As a simple example, if you ask a question and part of the answer is directly quoted from a book from memory, that text is not computed/reasoned by the AI and so doesn't have an "explanation".
But I also suspect that any AGI would necessarily produce answers it can't explain. That's called intuition.
It wouldn't be a reference; "explanation" for an LLM means it tells you which of its neurons were used to create the answer, ie what internal computations it did and which parts of the input it read. Their architecture isn't capable of referencing things.
What you'd get is an explanation saying "it quoted this verbatim", or possibly "the top neuron is used to output the word 'State' after the word 'Empire'".
Of course the AI could incorporate web search, but then what if the explanation is just "it did a web search and that was the first result"? It seems pretty difficult to recursively make every external tool also explainable…
Then you should have a stronger notion of "explanation". Why were these specific neurons activated?
Simplest example: OCR. A network identifying digits can often be explained as recognizing lines, curves, numbers of segments etc.. That is an explanation, not "computer says it looks like an 8"
But can humans do that? If you show someone a picture of a cat, can they "explain" why is it a cat and not a dog or a pumpkin?

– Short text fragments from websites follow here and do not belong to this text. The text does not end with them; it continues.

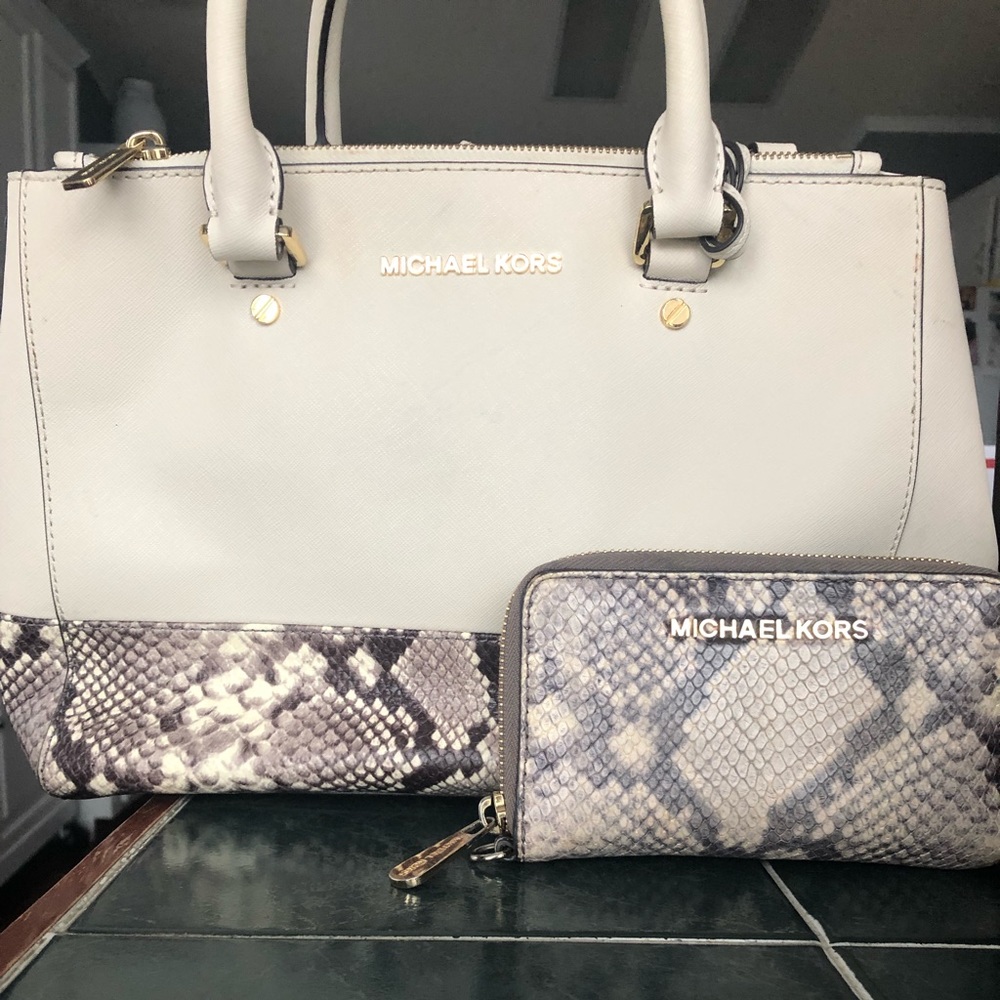 Michael Kors purse and clutch/wallet!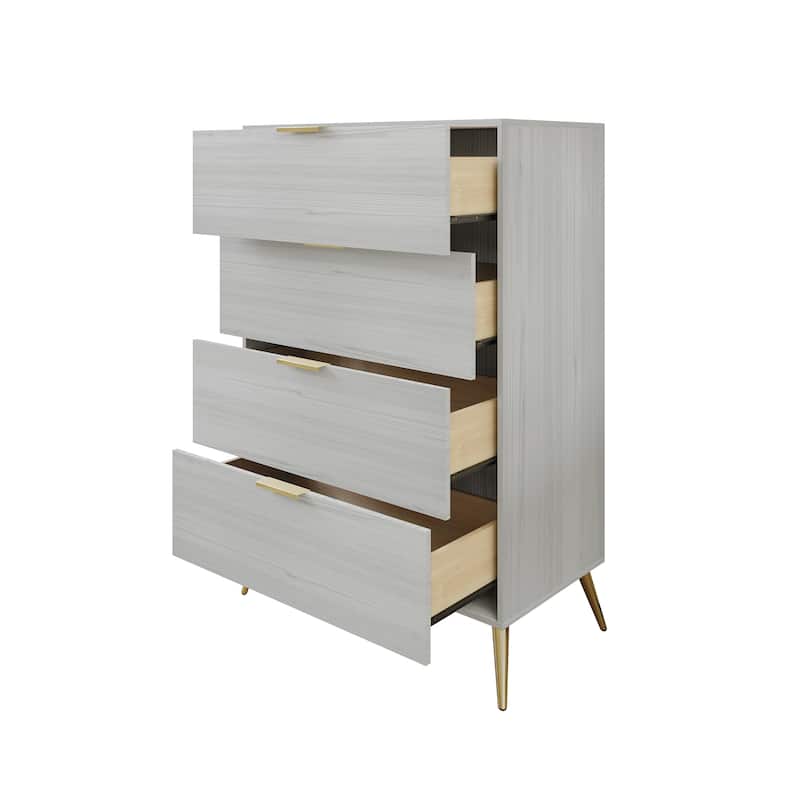 CraftPorch Contemporary 4-Drawers Wooden Chest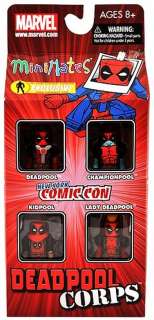 Marvel Deadpool Corps Minimates Box Set NYCC Exclusive *New*  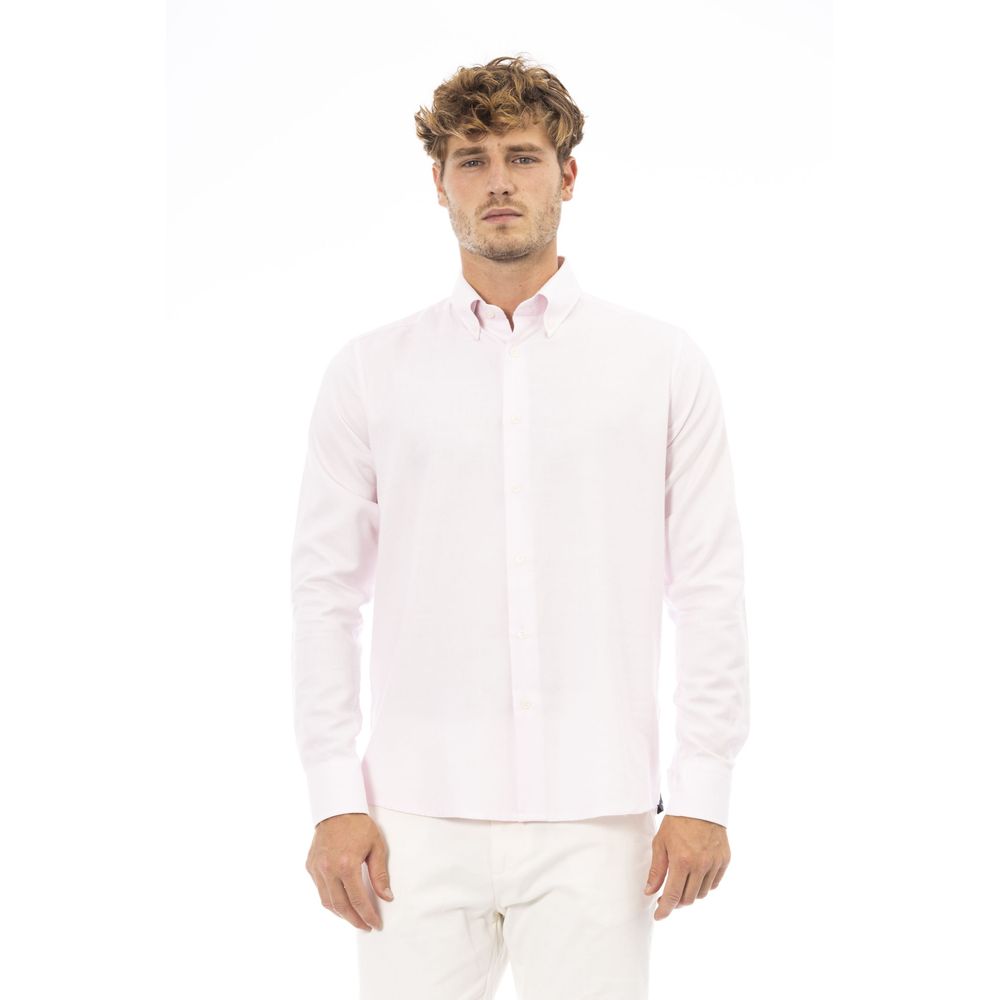 Baldinini Trend Pink Cotton Men Shirt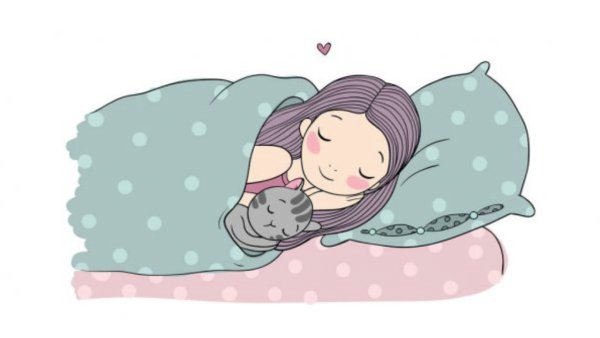 Стикер спать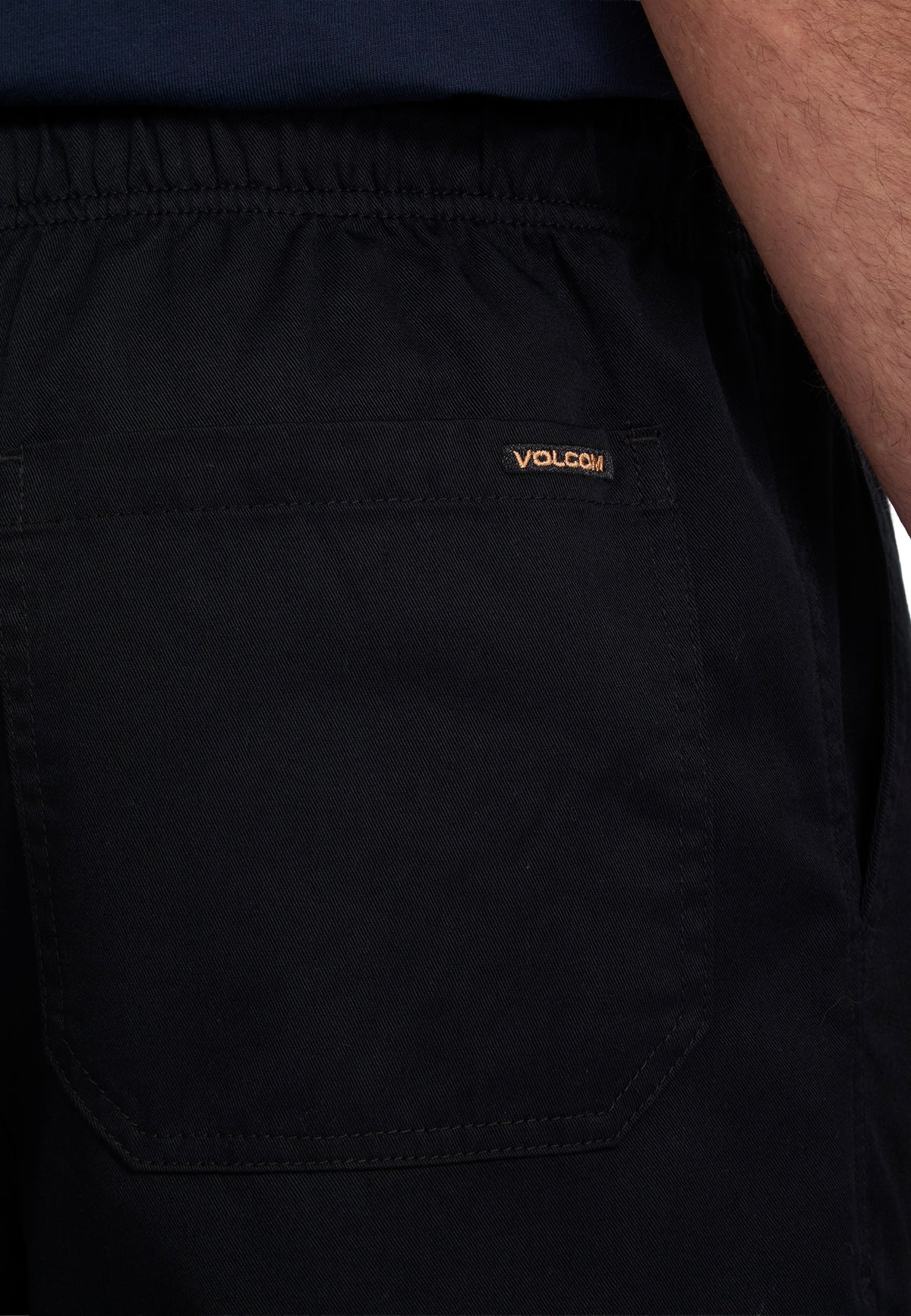 Volcom Freazy Loose Ew Twill Black Calças | Men-Image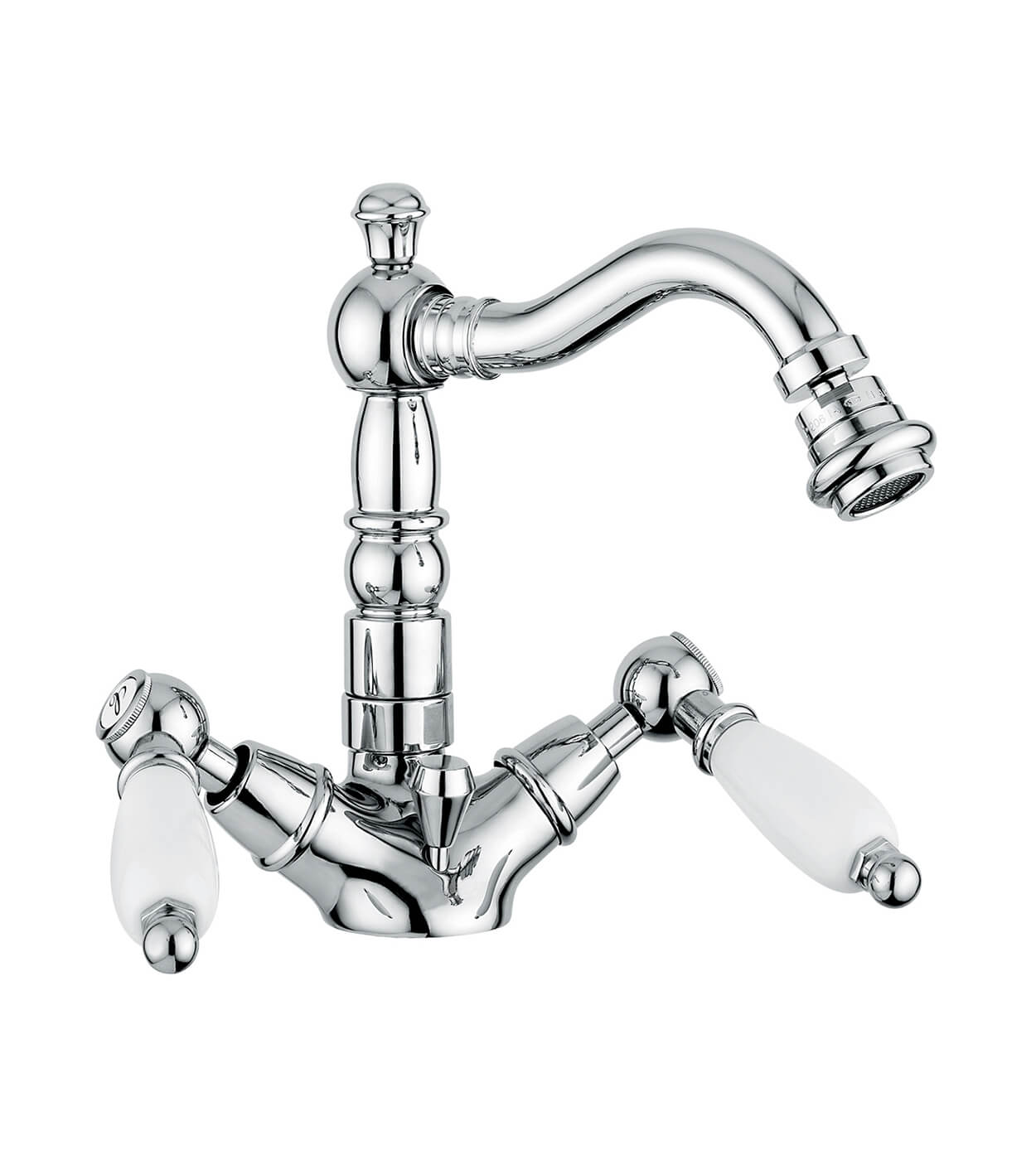 Смеситель для биде Emmevi Decò Ceramic 121614 с донным клапаном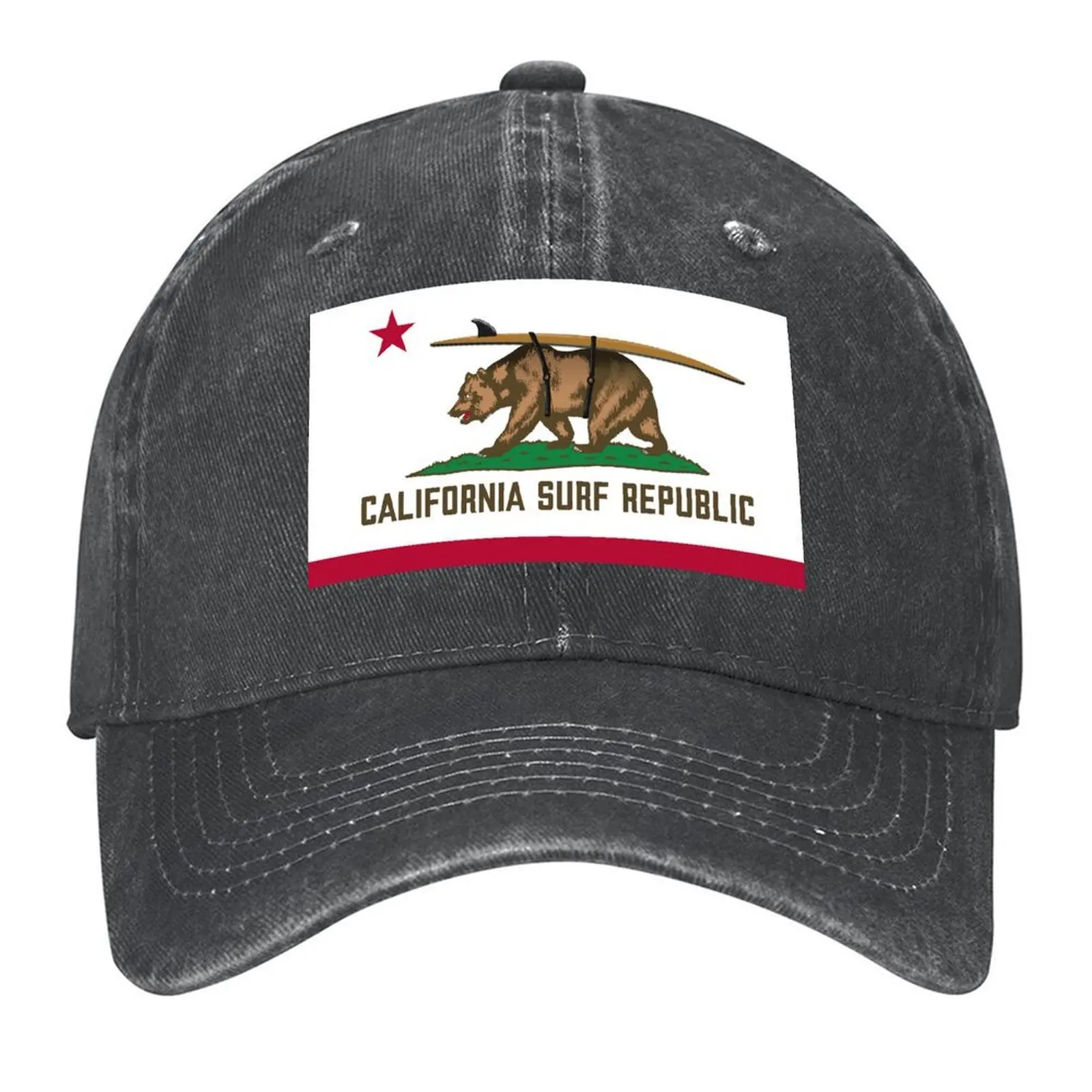 

California Surf Republic Baseball Cap dad hat Streetwear Snap Back Hat Snapback Cap Boy Child Women's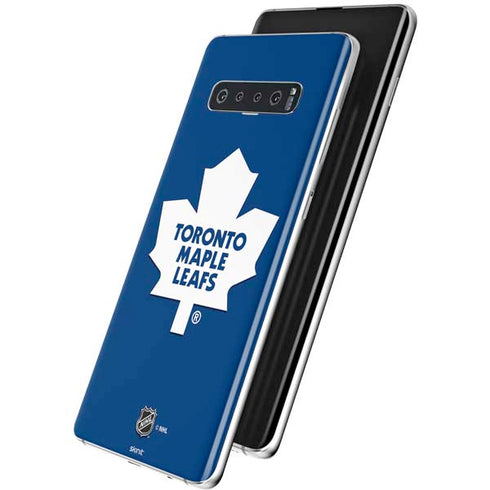 NHL Toronto Maple Leafs Solid Background Galaxy S10 Plus Skin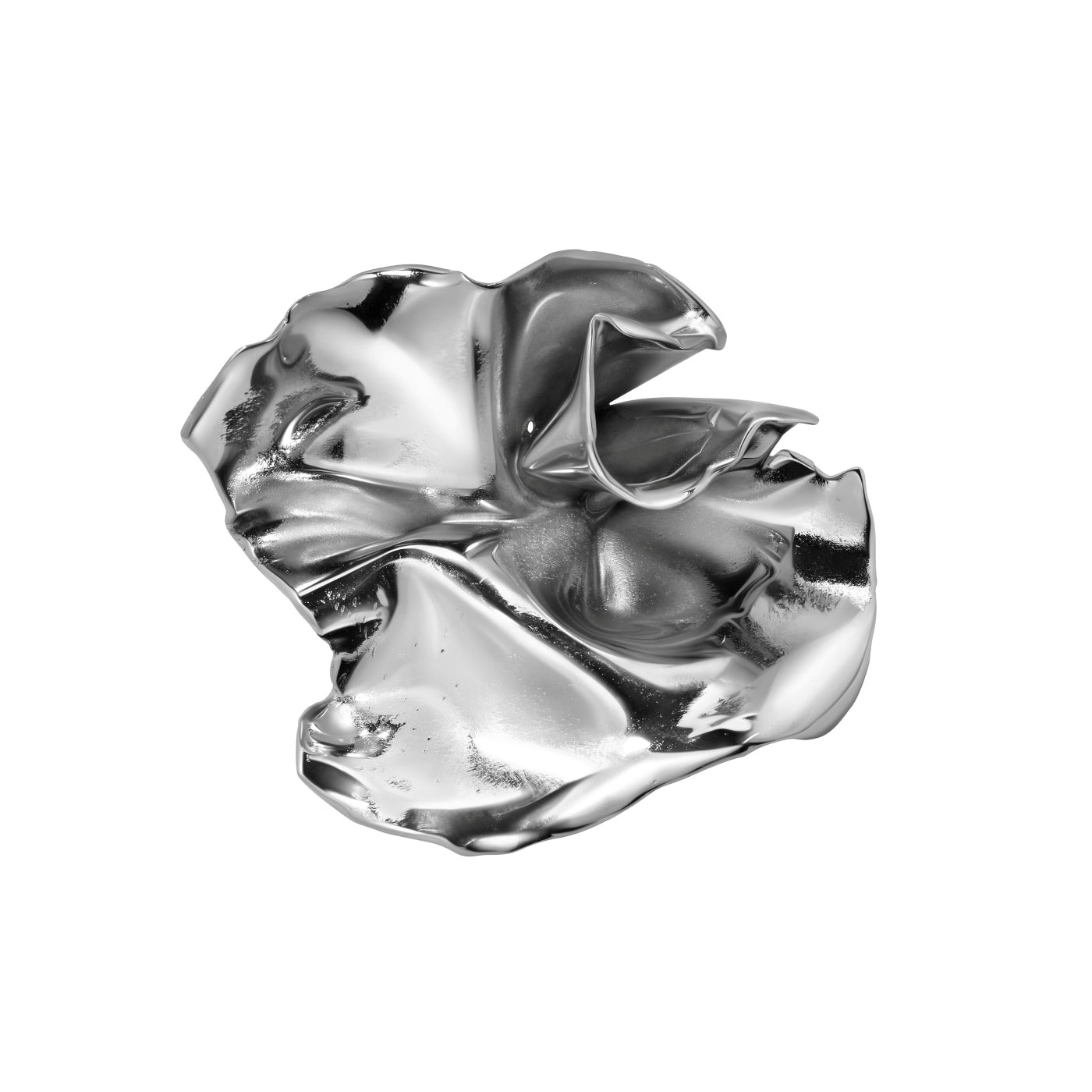 Cрібна брошка "Мальва"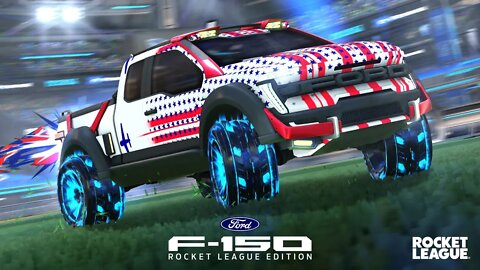 Rocket League | Ford F 150 Red, White & Boom Bundle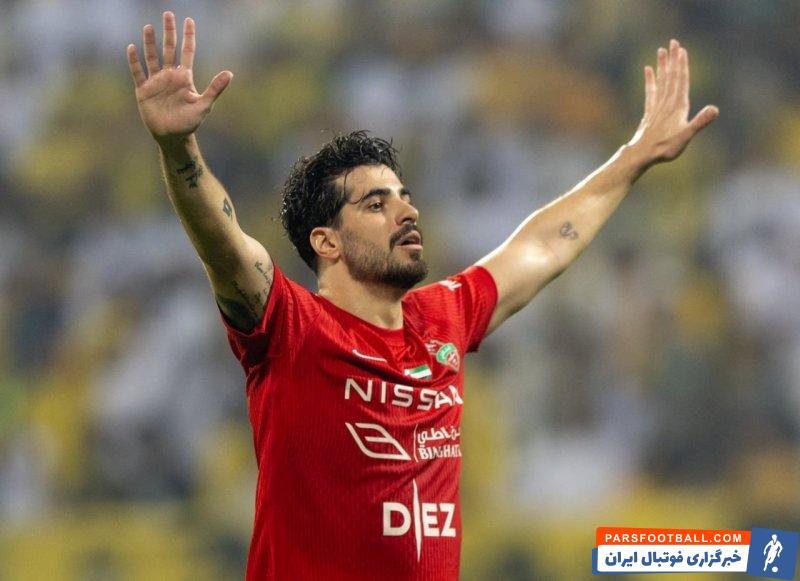 سعید عزت‌اللهی با انگیزه بالا در تمرینات شباب الاهلی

And is that explanation the way how they obtained the "cat-nes" of the picture, or do they just see that it is a cat immediately and obviously and when you ask them for an explanation they come up with some explaining noises until you are satisfied?
Wild cat, house cat, lynx,...? Sure, they can. They will tell you about proportions, shape of the ears, size as compared to other objects in the picture etc.
For cat vs pumpkin they will think you are making fun of them, but it very much is explainable. Though now I am picturing a puzzle about finding orange cats in a picture of a pumpkin field.
> They will tell you about proportions, shape of the ears, size as compared to other objects in the picture etc.
But is that how they know that the image is a cat, or is that some after the fact tacked on explaining?
Let me tell you an example to better explain what I mean. There are these “botanical identifying” books. You take a speciment unknown to you and and it asks questions like “what shape the leaves are?” “Is the stem woody or not?” “How many petals on the flower?” And it leads you through a process and at the end gives you ideally the specific latin name of the species. (Or at least narrows it down.)
Vs the act of looking at a rose and knowing without having to expend any further energy that it is a rose. And then if someone is questioning you you can spend some energy on counting petals, and describing leaf shapes and find the thorns and point them out and etc.
It sounds like most people who want “explainable AI” want the first kind of thing. The blind and amnesiac botanist with the plant identifying book. Vs what humans are actually doing which is more like a classification model with a tacked on bulshit generator to reason about the classification model’s outputs into which it doesn’t actually have any in-depth insight.
And it gets worse the deeper you ask them. How do you know that is an ear? How do you know its shape? How do you know the animal is furry?
Shown a picture of a cloud,
why it looks like a cat does sometimes need an explanation until others can see the cat, and it's not just "explaining noises".
When people talk about explainability I immediately think of Prolog.
A Prolog query is explainable precisely because, by construction, it itself is the explanation. And you can go step by step and understand how you got a particular result, inspecting each variable binding and predicate call site in the process.
Despite all the billions being thrown at modern ML, no one has managed to create a model that does something like what Prolog does with its simple recursive backtracking.
So the moral of the story is that you can 100% trust the result of a Prolog query, but you can't ever trust the output of an LLM. Given that, which technology would you rather use to build software on which lives depend on?
And which of the two methods is more "artificially intelligent"?
Neural networks can encode any computable function.
KANs have no advantage in terms of computability. Why are they a promising pathway?
Also, the splines in KANs are no more "explainable" than the matrix weights. Sure, we can assign importance to a node, but so what? It has no more meaning than anything else.